Web 2.0 somebody had a bright idea that we would turn content over to the users. The problem is people like creating a lot of shit. Web 1.0 was easy to scale because I only needed to worry about a could hundred thousand some records. Now we’ve got a lot more to worry about. Another thing I hate is AJAX which makes interacting with websites really easy. It gives users the ability to create shit even faster.
Making your PHP code 300% faster doesn’t matter, it’s not where your bottlenecks are. “PHP Doesn’t Scale” – Cal Henderson. PHP doesn’t scale, Java doesn’t scale, Ruby doesn’t scale – languages don’t scale. When you’re worrying about scale and storing 4 billion kitten photos: how you program it probably doesn’t matter.
What’s scaling? Scaling is specialization. As you get bigger and as you grow the solutions being sold to you by vendors won’t cut it. You have to cut your database into different pieces and make it very specialized and specific to your needs. We’re going to talk about some of the techniques we use at Digg. Scaling is also about severe hair loss. I’m not joking. I’m going bald. It’s tough. It’s not easy. You can’t do it alone.
Often people get confused with scaling out and scaling up. You get to a point where you can’t scale up anymore. You can’t just buy more expensive machines at some point. Everyone is scaling out right now with lots of crappy boxes. We expect to fail.
Your mom lied; don’t share. Decentralize, expect failures and just add boxes. Amazon is one of the best at this.

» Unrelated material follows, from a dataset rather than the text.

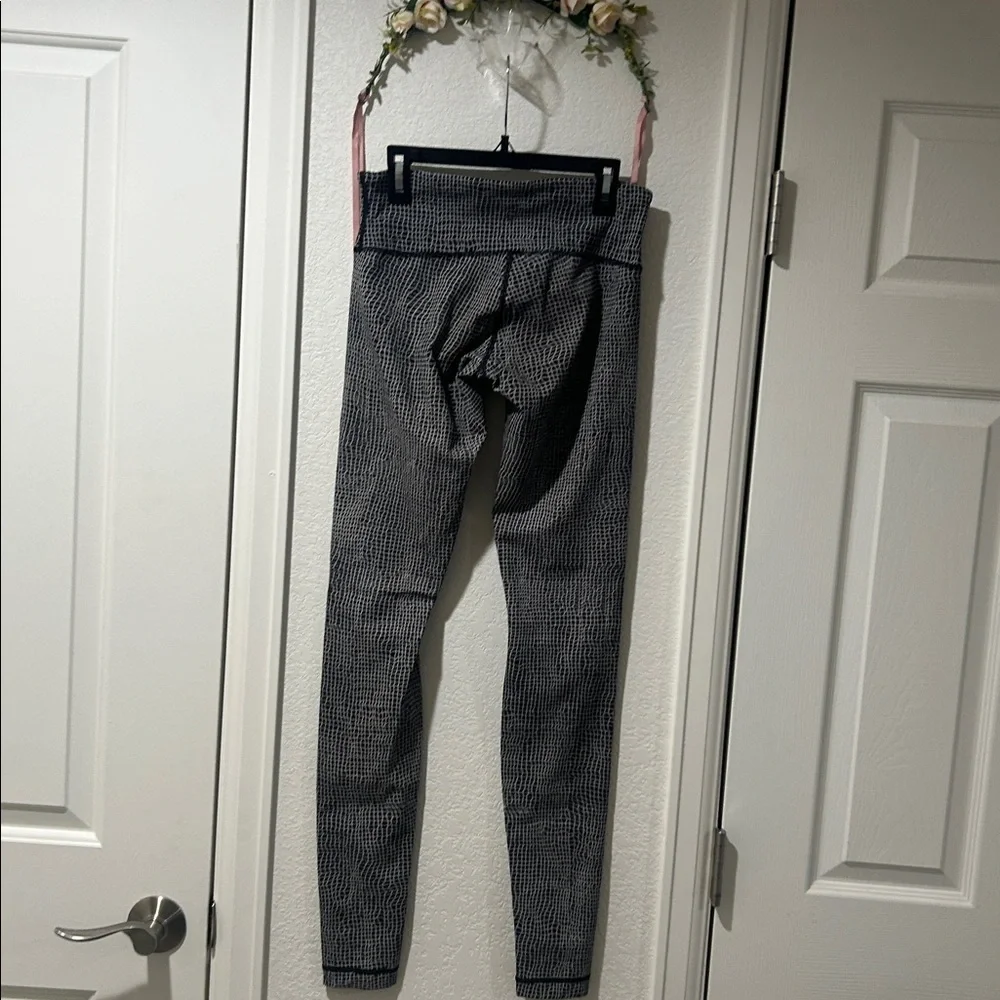 Lululemon Wunder Under Pant III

CAP Theorem says you can only pick two of the following three: strong Consistency, high Availability, Partition tolerance.

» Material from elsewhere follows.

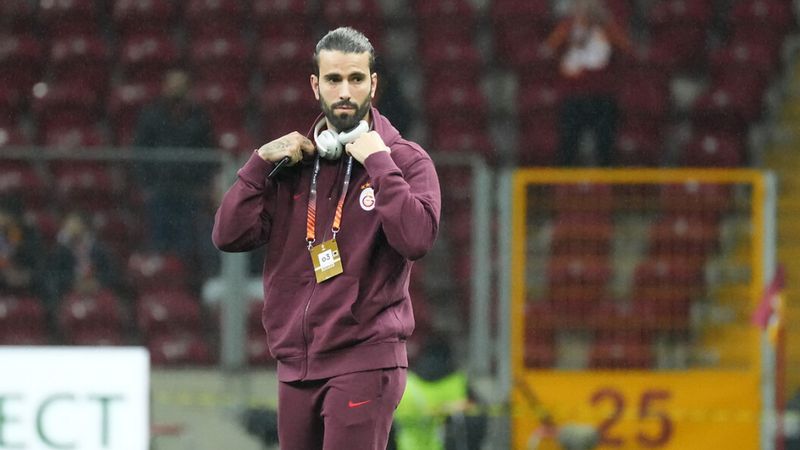 Sergio Oliveira'nın bileti kesildi: Menajeri kulüp arıyor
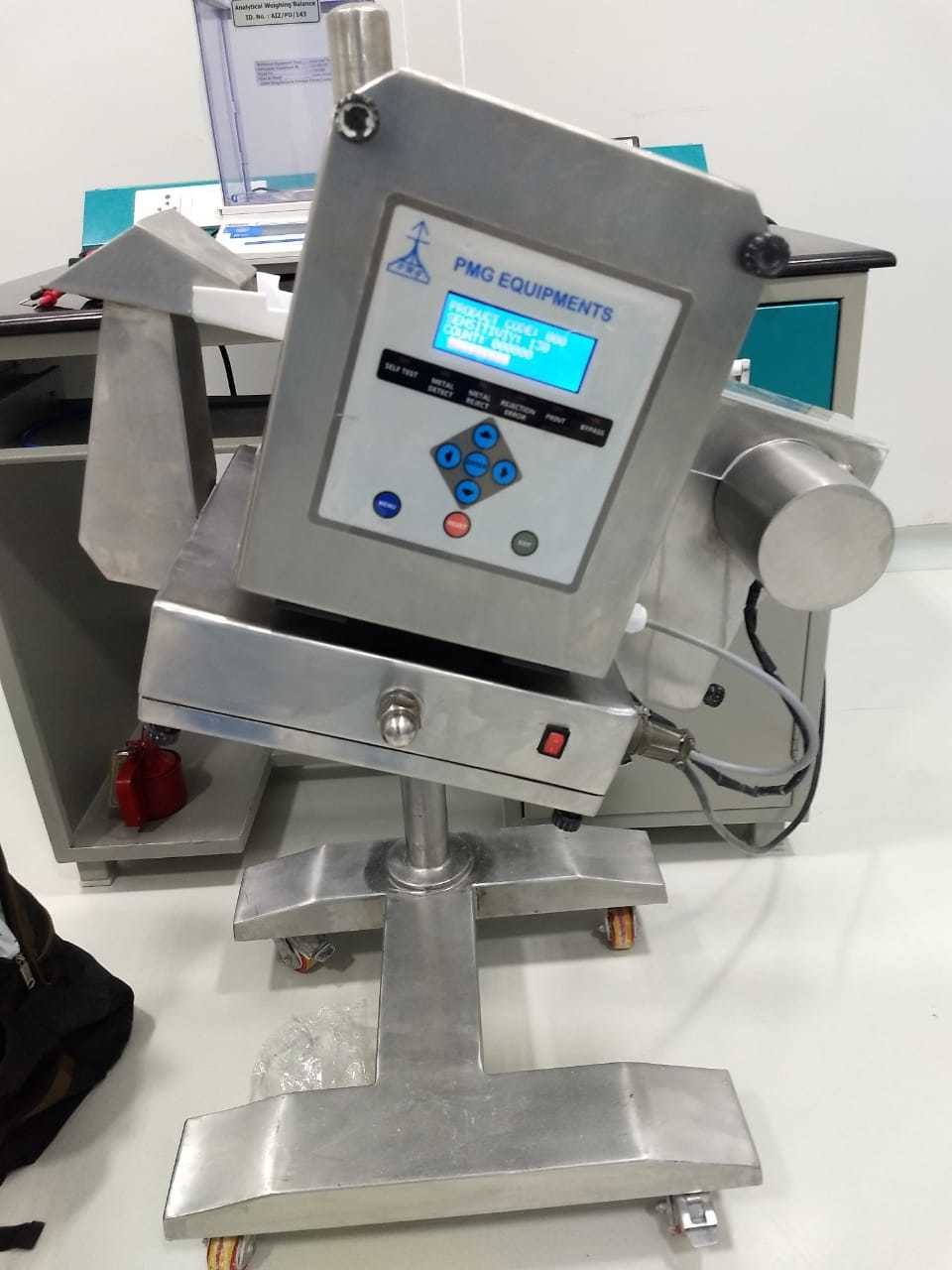 Digital Tablet Metal Detector Waterproof: Yes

What are my options? Denormalize, eventually consistent, parallel, asynchronous, specialize.
Denormalization is necessary in partitioned solutions and it’s becoming a huge problem for Digg. If you’re not using queues and messaging systems you’re going to want to look into gearman and djabberd. You wonder why things are going slow and you realize you’re doing 5 synchronous trips to the database. You’ve got to make these calls async with either http calls or gearman. One thing Digg is big on is running the numbers before you try and fix a problem. Run the numbers to make sure things actually will work. We’ll discuss a case of this.
Memcached, OMG Files! (MogileFS) Digg uses for icons and photos, Gearman is a massively distributed fork, and the new favorite toy: MemcacheDB “Will be the biggest new kid on the block in scaling.” Initial tests on a laptop yielded 15,000 writes a second. The developer behind this took Berkley DB and Memcache and brought them together.

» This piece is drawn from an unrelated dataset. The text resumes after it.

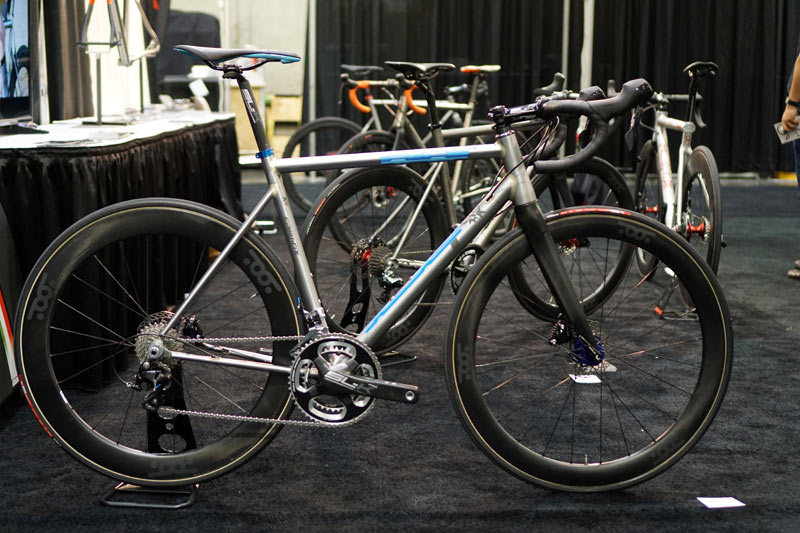 NAHBS 2016 – TºRED shows unique titanium, steel & alloy bikes, plus slick one-piece double crankset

Caching techniques: cache forever and explicitly expire, have a chain of responsibility. We had a generic expiration time on all objects at Digg. The problem is we have a lot of users and a lot of users that are inactive. Chain-of-Responsibility pattern creates a chain: mysql, memcache, apc, PHP globals. You’re first going to hit globals, if it has it you’ll get it straight back, if not go to the next link in the chain, etc. Used at Facebook and Digg. If you’re caching fairly static content you can get away with a file based cache, if it’s something requested a bunch go with memcache, if it’s something like a topic in Digg we use apc.
Partition your data horizontally (rows a-f on one machine) and vertically (some columns on one table, some on another table). Horizontal when you have so much data you need to spread it across a lot of servers. Vertical scaling: Instead of altering tables, add a new table and add new columns to it, this avoids downtime. Abstract your data access so that the partitioned details are hidden from the user.
Green badges at Digg are the bane of Joe’s existence. Similar problem to what Twitter and Digg have. If you take a message from one place and drop it in a bunch of other buckets. Kevin rose has 40,000 followers. You can’t drop something into 40,000 buckets synchronously. 300,000 to 320,000 diggs a day. If the average person has 100 followers that’s 300,000,000 Diggs day. The most active Diggers are the most followed Diggers. The idea of averages skews way out. “Not going to be 300 queries per second, 3,000 queries per second. 7gb of storage per day. 5tb of data across 50 to 60 servers so MySQL wasn’t going to work for us. That’s where memcachedb comes in.” The recommendation engine is a custom graph database from the R&D department and is eventually consistent. An example of problems you run into at real big scale on a social website.